> [Instructions for the task]
Only the lines from the one with "Soupe de clémentine, sa" to the end of the data, both ends included, should be output, exactly as they stand and without pictures.

--*--

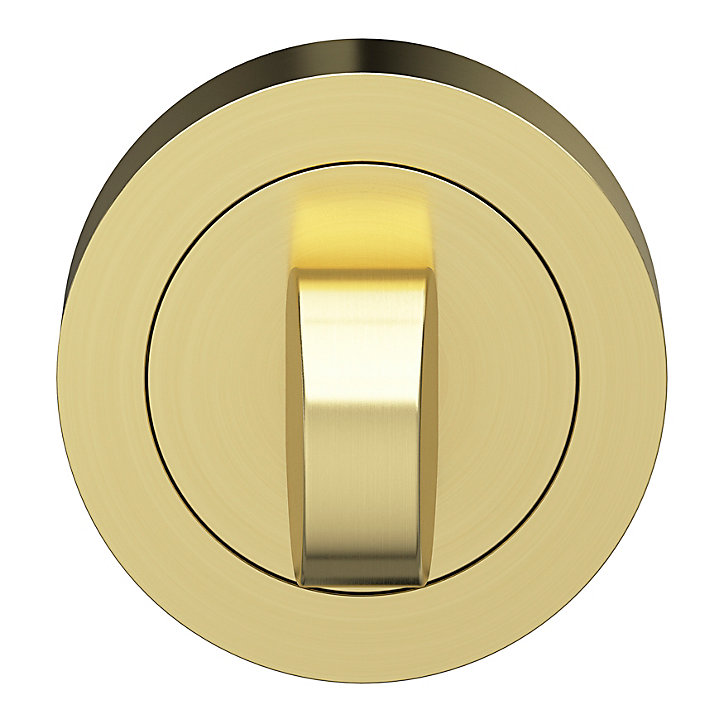 Rosace de fonction rond à visser à condamnation GoodHome Duod effet laiton satin or Ø50mm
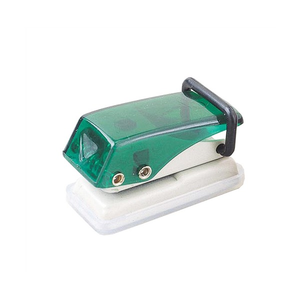 Colby KW Little Gem one hole punch with a translucent emerald green top, a black lever and a white plastic confetti base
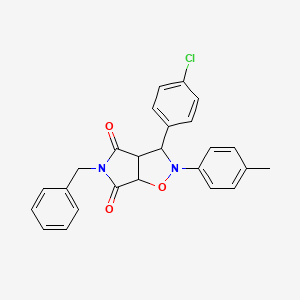molecular formula C25H21ClN2O3 B2413129 5-benzyl-3-(4-chlorophenyl)-2-(p-tolyl)dihydro-2H-pyrrolo[3,4-d]isoxazole-4,6(5H,6aH)-dione CAS No. 1005271-17-9
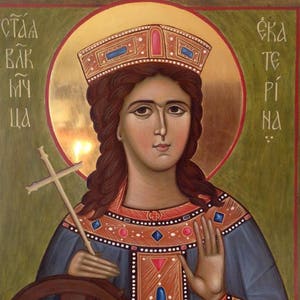 Saint Great Martyr Catherine Katerina Ukrainian icon Byzantine icon Orthodox icon  egg tempera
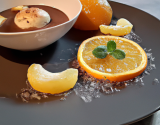 Soupe de clémentine, sa gelée d'orange mentholée et son sorbet cacao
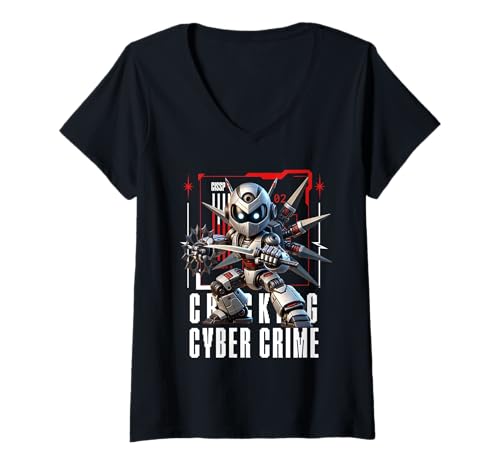 Damen Cracking Cyber Crime Cybersecurity IT Tech Cyber Security T-Shirt mit V-Ausschnitt Damen Cracking Cyber Crime Cybersecurity IT Tech Cyber Security T-Shirt mit V-Ausschnitt von Cyber Security Tech Engineer IT Analyst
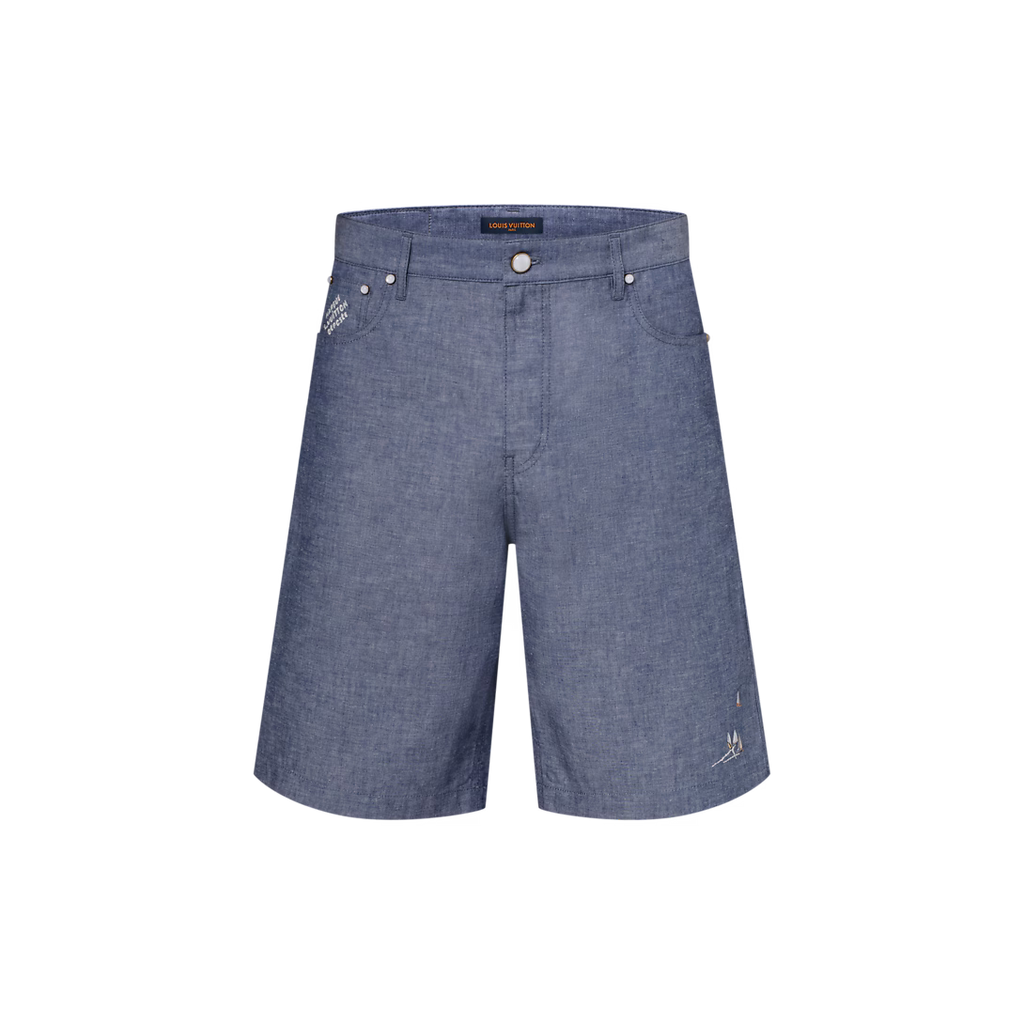 Embroidered Chambray Shorts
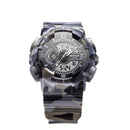 SANDA 5318 LED Luminous Display & Stopwatch & Alarm & Date and Week Function Men Quartz + Digital Dual Movement Watch with Plastic Band (Camouflage Gray)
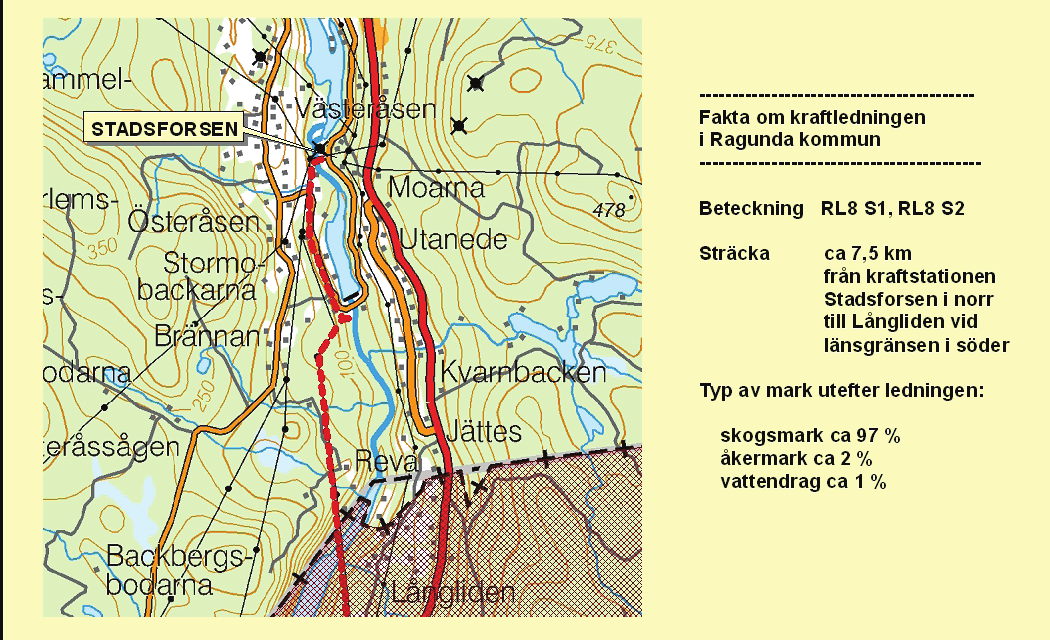 34 07 MILJÖKONSEKVENSER JÄMTLANDS LÄN 7.1 RAGUNDA KOMMUN Kraftledningen (RL8) sträcker sig från Stadsforsen i Ragunda kommun, Jämtlands län söderut till Untra i Tierps kommun, Uppsala län.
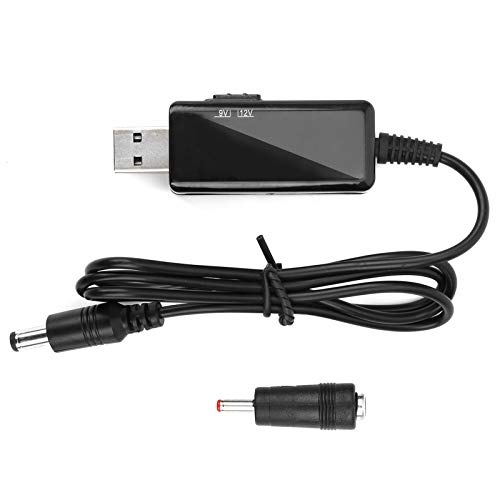 Lwuey USB zu DC Spannungserhöhungs Kabel mit LED-Anzeige, Boost-Konverterkabel 5V auf 9V 12V Klares Ausgangslesen Power Bank Router Ladevorrichtung Optische von Lwuey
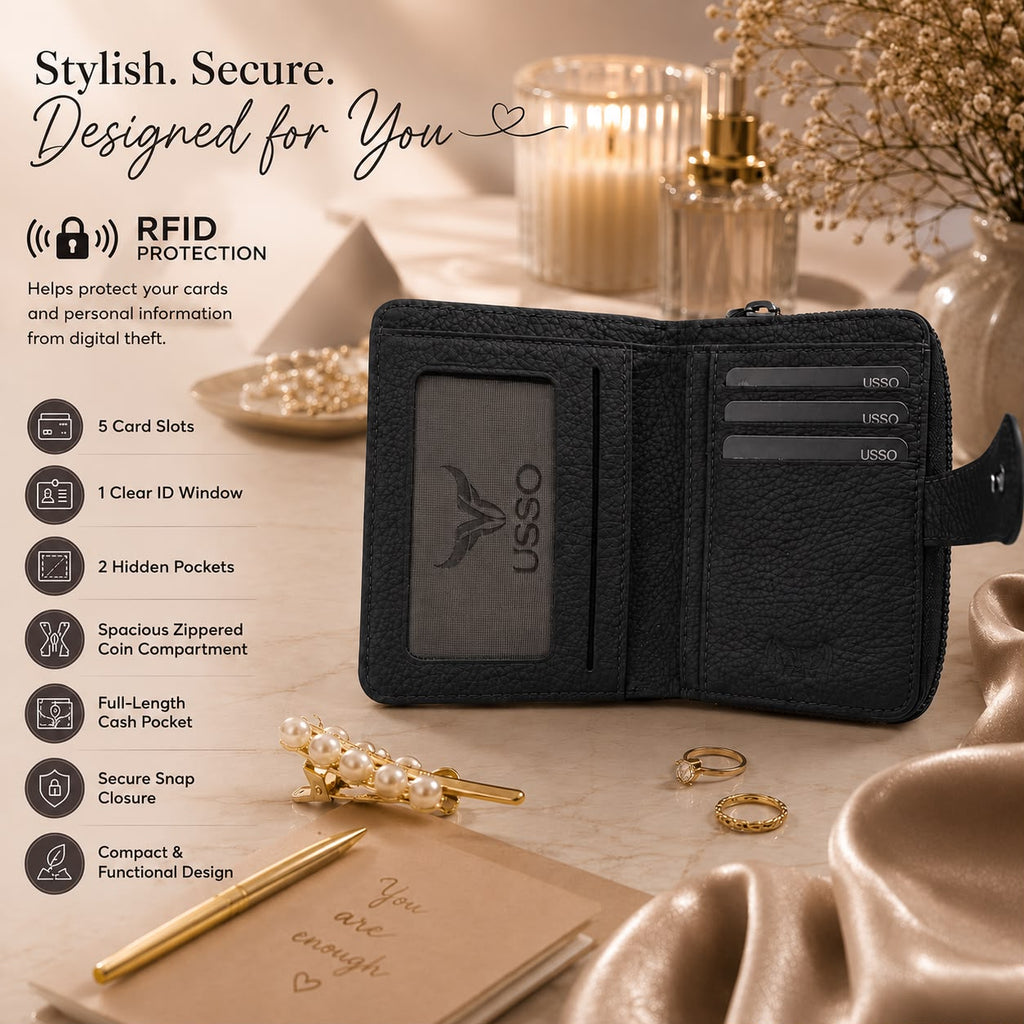 USSO Women’s Genuine Leather 2-in-1 Wallet – RFID Blocking, Detachable Card Holder & Zipper Coin Pocket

--*--

> [Solution below]
 Soupe de clémentine, sa gelée d'orange mentholée et son sorbet cacao
 Damen Cracking Cyber Crime Cybersecurity IT Tech Cyber Security T-Shirt mit V-Ausschnitt Damen Cracking Cyber Crime Cybersecurity IT Tech Cyber Security T-Shirt mit V-Ausschnitt von Cyber Security Tech Engineer IT Analyst
 Embroidered Chambray Shorts
 SANDA 5318 LED Luminous Display & Stopwatch & Alarm & Date and Week Function Men Quartz + Digital Dual Movement Watch with Plastic Band (Camouflage Gray)
 34 07 MILJÖKONSEKVENSER JÄMTLANDS LÄN 7.1 RAGUNDA KOMMUN Kraftledningen (RL8) sträcker sig från Stadsforsen i Ragunda kommun, Jämtlands län söderut till Untra i Tierps kommun, Uppsala län.
 Lwuey USB zu DC Spannungserhöhungs Kabel mit LED-Anzeige, Boost-Konverterkabel 5V auf 9V 12V Klares Ausgangslesen Power Bank Router Ladevorrichtung Optische von Lwuey
 USSO Women’s Genuine Leather 2-in-1 Wallet – RFID Blocking, Detachable Card Holder & Zipper Coin Pocket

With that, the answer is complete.